Answer:
h = 3.6 m
Explanation:
This is the case of a projectile motion. We assume the air resistance to be negligible. So the speed of the rock remains constant in x-direction. Therefore,
s = V₀ₓ t
where,
V₀ₓ = x - component of launching velocity = V Cos θ = (35 m/s)(Cos 22°) V₀ₓ = 32.45 m/s
s = distance traveled horizontally by the rock = 10 m
t = time taken to cover the distance = ?
Therefore,
10 m = (32.45 m/s)(t)
t = (10 m)/(32.45 m/s)
t = 0.31 s
Now, we consider the vertical motion. The vertical motion is taking place under the action of gravity. So it is uniformly accelerated motion.
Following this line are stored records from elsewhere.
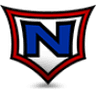 UMF Njardvik - Live Team Fylkir 298544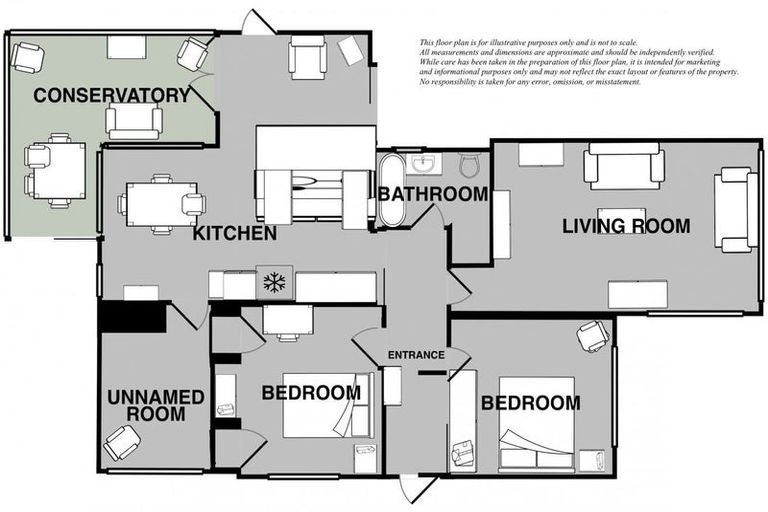 Photo of property in 2/2 Mavin Road, Hoon Hay, Christchurch, 8025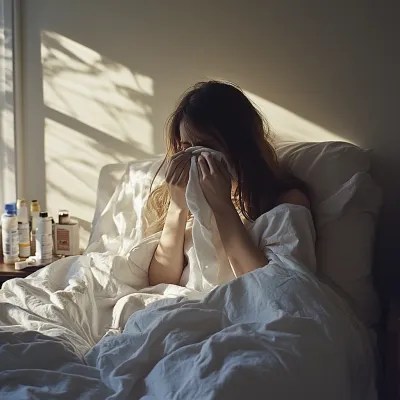 A형 독감과 B형 독감 차이점 7가지, 제대로 알기_2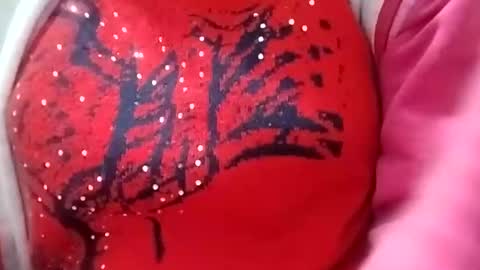 Snapshot of jasspreettt chatting on 01/06/25, 02:58 jasspreettt online show from 01/06/25, 02:58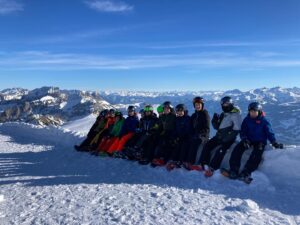 resized_Gruppe-Ski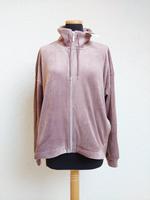 NEU Flieder rosa Kuschel Weste Jacke von Triumph, Gr. 42 Bayern - Ergoldsbach Vorschau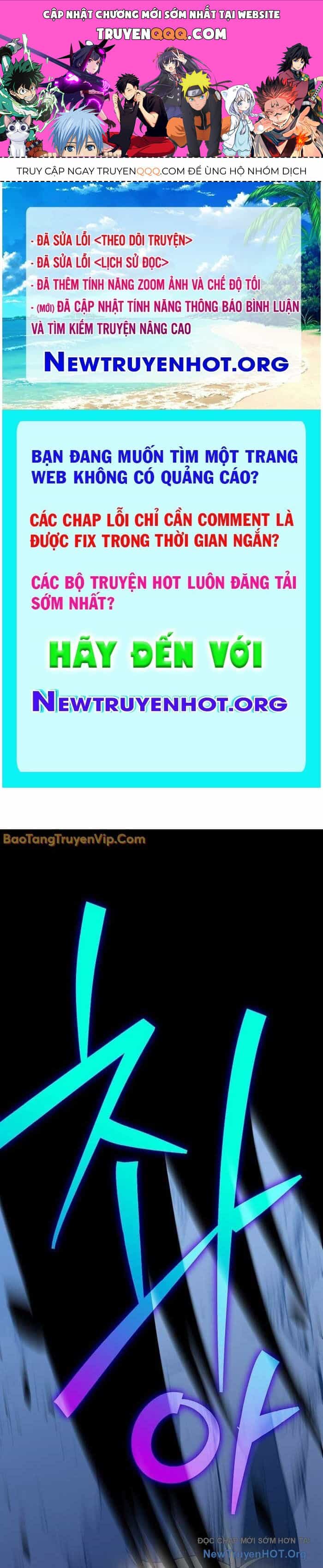 Nhân Vật Ngoài Lề Tiểu Thuyết - Chương 136 - ảnh 1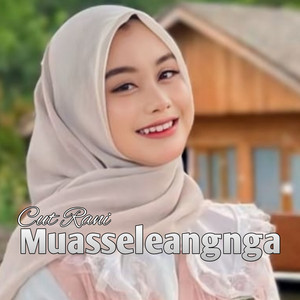 Download Lagu Cut Rani Auliza - Muasseleangnga MP3 Download Lagu Cut Rani Auliza - Muasseleangnga MP3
Applying 2nd equation of motion to the vertical motion:
h = (Vi₀)(t) + (0.5)gt²
where,
h = height of rock = ?
Vi₀ = Vertical Component of Launching Velocity = V₀Sinθ = (35 m/s)(Sin 22°)
Vi₀ = 13.11 m/s
g = - 9.8 m/s² (negative for upward motion)
Therefore,
h = (13.11 m/s)(0.31 s) + (0.5)(-9.8 m/s²)(0.31 s)²
h = 4.06 m - 0.47 m
h = 3.6 m